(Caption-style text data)
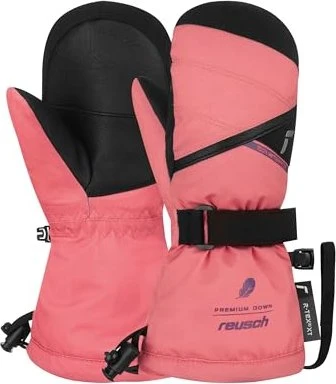 Reusch Kaden Down R-Tex XT Mitten Skihandschuhe wild rose (Junior)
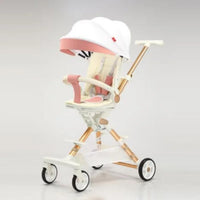 HKM-709523 Lightweight Portable Aluminium Baby Walker Stroller for Travel
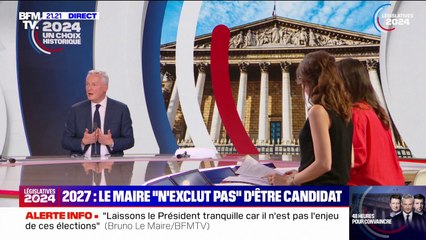 "Je suis inquiet et triste" affirme Bruno Le Maire sur la montée de l'antisémitisme, du racisme et de l'homophobie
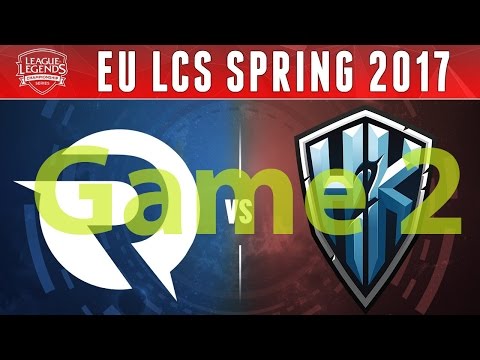 Highlights: EU LCS Spring 2017 - OG vs H2K Game 2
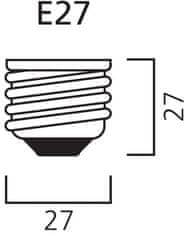 Sylvania  PAR38 240V 80W E27 FL30° Green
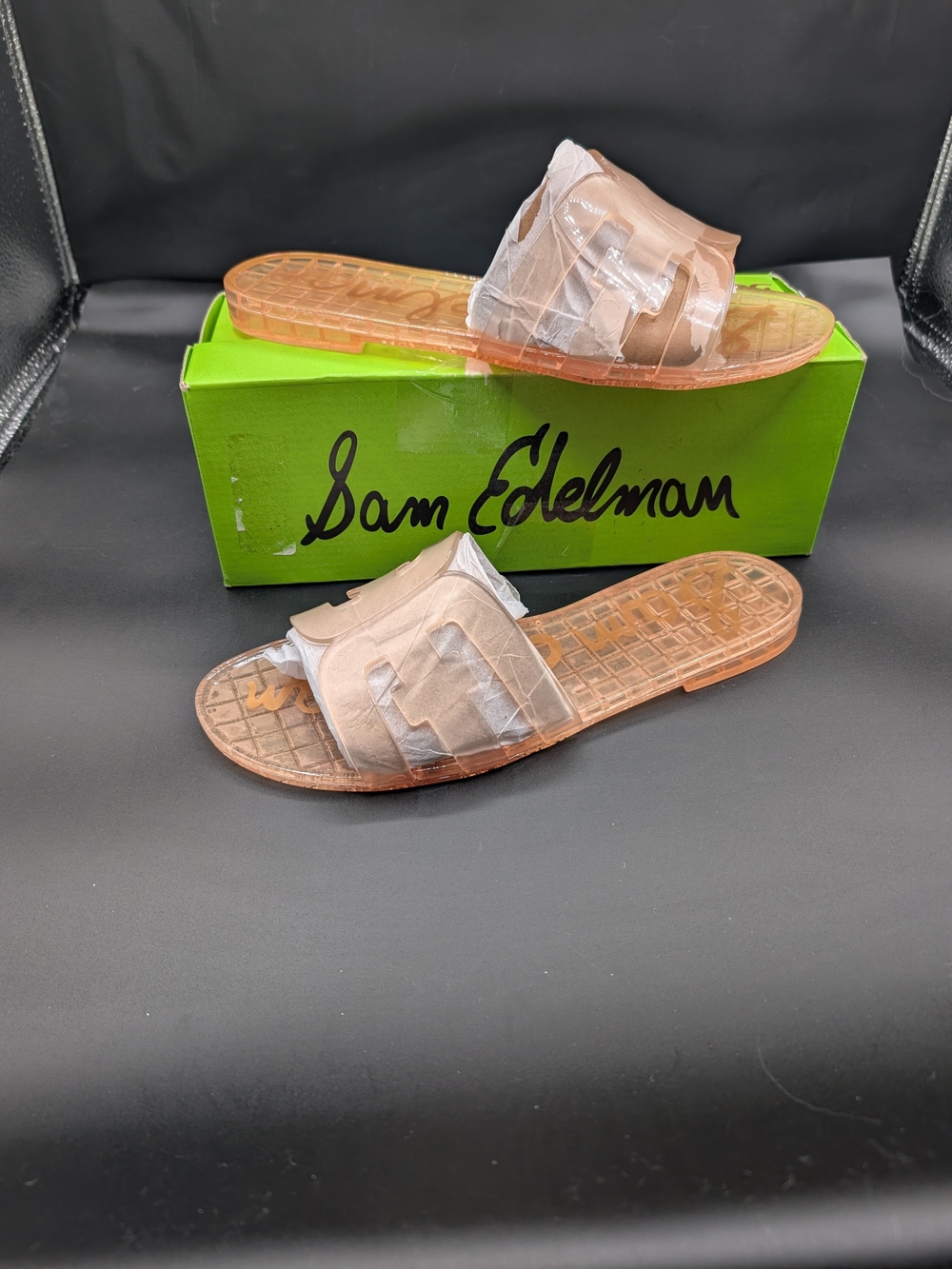 Sam Edelman Women's Slide Sandals in Nude
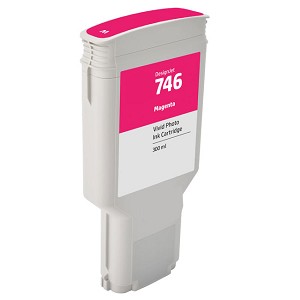 Compatible HP 746 P2V78A Magenta Ink Cartridges 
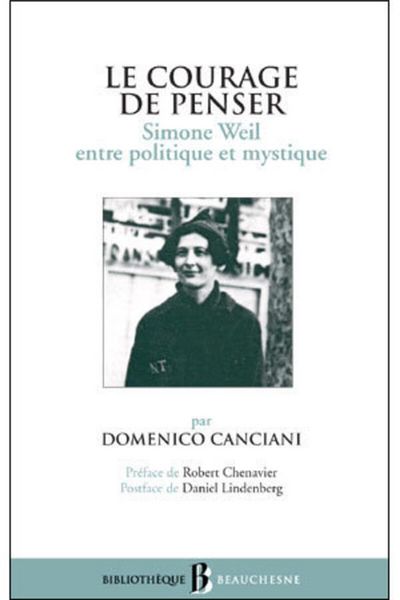 Produktbild: Bb N37 - Simone Weil, le Courage de Penser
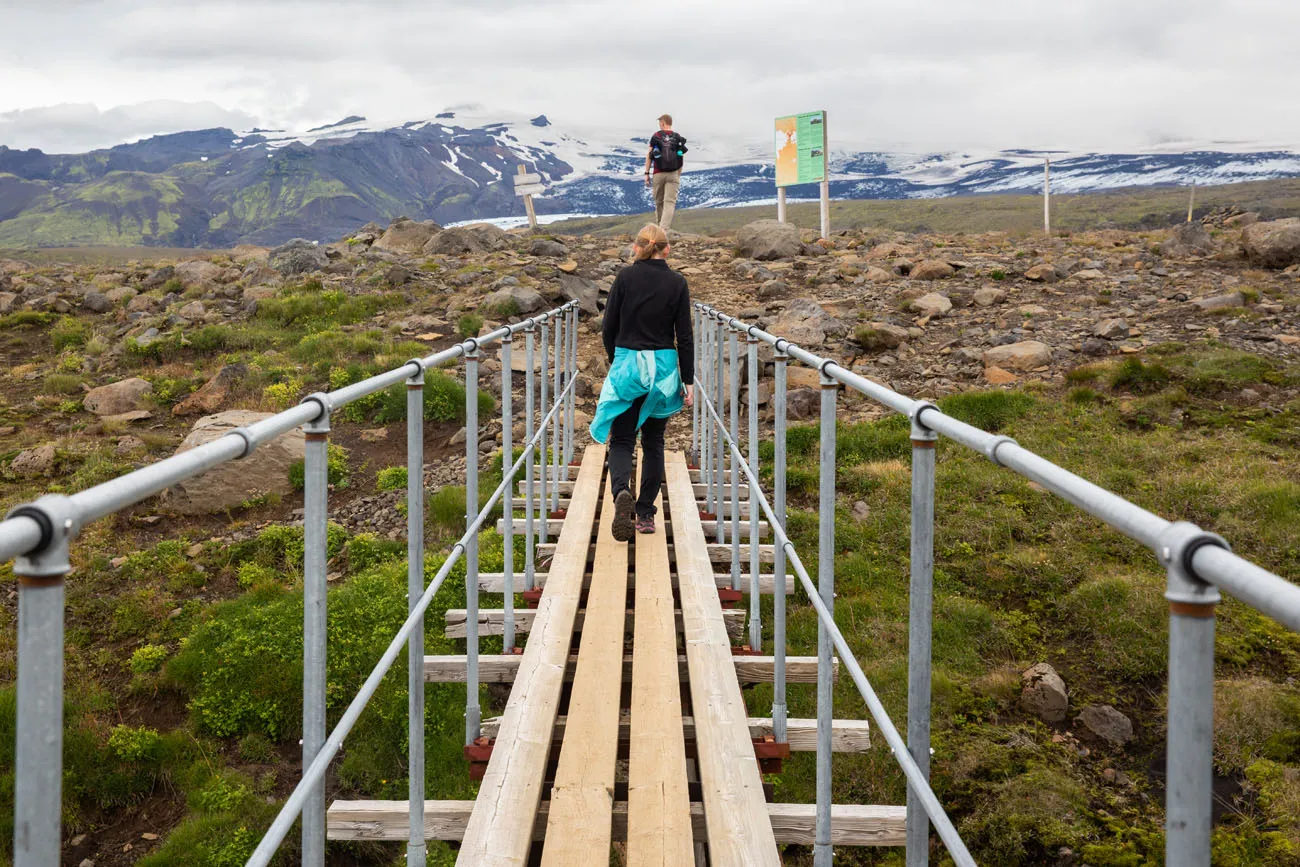 Over the Bridge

▶ [Work required] Give all the lines above again, character for character, without pictures.

▶ [Task answer]
 Reusch Kaden Down R-Tex XT Mitten Skihandschuhe wild rose (Junior)
 HKM-709523 Lightweight Portable Aluminium Baby Walker Stroller for Travel
 "Je suis inquiet et triste" affirme Bruno Le Maire sur la montée de l'antisémitisme, du racisme et de l'homophobie
 Highlights: EU LCS Spring 2017 - OG vs H2K Game 2
 Sylvania  PAR38 240V 80W E27 FL30° Green
 Sam Edelman Women's Slide Sandals in Nude
 Compatible HP 746 P2V78A Magenta Ink Cartridges 
 Produktbild: Bb N37 - Simone Weil, le Courage de Penser
 Over the Bridge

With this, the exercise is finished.